What this task involves. Please return all lines from the records below that include the string "Road".

(Task material Opens)

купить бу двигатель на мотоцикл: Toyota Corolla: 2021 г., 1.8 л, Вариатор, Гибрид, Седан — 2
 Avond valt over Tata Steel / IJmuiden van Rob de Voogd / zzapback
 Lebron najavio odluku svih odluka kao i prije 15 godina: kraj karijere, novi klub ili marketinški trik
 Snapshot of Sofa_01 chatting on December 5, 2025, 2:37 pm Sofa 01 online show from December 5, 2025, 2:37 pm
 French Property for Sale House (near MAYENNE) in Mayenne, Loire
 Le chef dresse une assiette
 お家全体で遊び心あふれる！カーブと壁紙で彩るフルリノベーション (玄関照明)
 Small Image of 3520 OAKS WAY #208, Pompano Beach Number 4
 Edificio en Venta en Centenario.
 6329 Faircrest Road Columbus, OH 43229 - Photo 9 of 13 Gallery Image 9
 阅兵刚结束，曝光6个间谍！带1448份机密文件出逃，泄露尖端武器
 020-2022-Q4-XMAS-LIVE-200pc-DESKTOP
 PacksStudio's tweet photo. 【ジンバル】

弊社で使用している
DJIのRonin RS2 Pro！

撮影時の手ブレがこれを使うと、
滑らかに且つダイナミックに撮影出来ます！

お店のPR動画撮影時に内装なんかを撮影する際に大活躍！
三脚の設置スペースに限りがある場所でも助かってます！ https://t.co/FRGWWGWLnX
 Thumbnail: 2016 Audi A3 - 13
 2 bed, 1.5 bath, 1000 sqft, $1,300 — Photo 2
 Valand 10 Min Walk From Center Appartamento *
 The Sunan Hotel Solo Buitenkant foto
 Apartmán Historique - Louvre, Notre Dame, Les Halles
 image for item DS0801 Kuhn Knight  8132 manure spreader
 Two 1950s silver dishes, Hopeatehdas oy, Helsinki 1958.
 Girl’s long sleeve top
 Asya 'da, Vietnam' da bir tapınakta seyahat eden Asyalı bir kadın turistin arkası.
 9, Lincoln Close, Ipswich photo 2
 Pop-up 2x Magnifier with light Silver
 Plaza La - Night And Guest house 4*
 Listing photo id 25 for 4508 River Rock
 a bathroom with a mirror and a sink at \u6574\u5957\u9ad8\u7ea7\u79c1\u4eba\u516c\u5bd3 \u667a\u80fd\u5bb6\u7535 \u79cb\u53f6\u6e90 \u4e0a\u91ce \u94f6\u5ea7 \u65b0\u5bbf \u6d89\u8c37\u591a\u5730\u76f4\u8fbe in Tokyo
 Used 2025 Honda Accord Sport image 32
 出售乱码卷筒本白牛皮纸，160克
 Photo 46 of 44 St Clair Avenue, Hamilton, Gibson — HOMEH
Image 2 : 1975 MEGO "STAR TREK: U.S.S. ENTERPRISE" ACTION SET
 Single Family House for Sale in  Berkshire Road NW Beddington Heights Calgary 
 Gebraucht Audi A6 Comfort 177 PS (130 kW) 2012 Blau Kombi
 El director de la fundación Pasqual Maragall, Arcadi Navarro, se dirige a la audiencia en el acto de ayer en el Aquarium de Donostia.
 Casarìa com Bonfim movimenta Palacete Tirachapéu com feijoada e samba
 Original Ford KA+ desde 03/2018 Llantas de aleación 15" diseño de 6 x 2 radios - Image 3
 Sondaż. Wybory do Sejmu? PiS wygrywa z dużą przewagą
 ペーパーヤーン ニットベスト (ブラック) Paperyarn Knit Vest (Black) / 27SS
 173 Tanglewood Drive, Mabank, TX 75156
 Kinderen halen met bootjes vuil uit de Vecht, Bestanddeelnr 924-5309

(Task material Closes)

Task response.
 6329 Faircrest Road Columbus, OH 43229 - Photo 9 of 13 Gallery Image 9
 Single Family House for Sale in  Berkshire Road NW Beddington Heights Calgary 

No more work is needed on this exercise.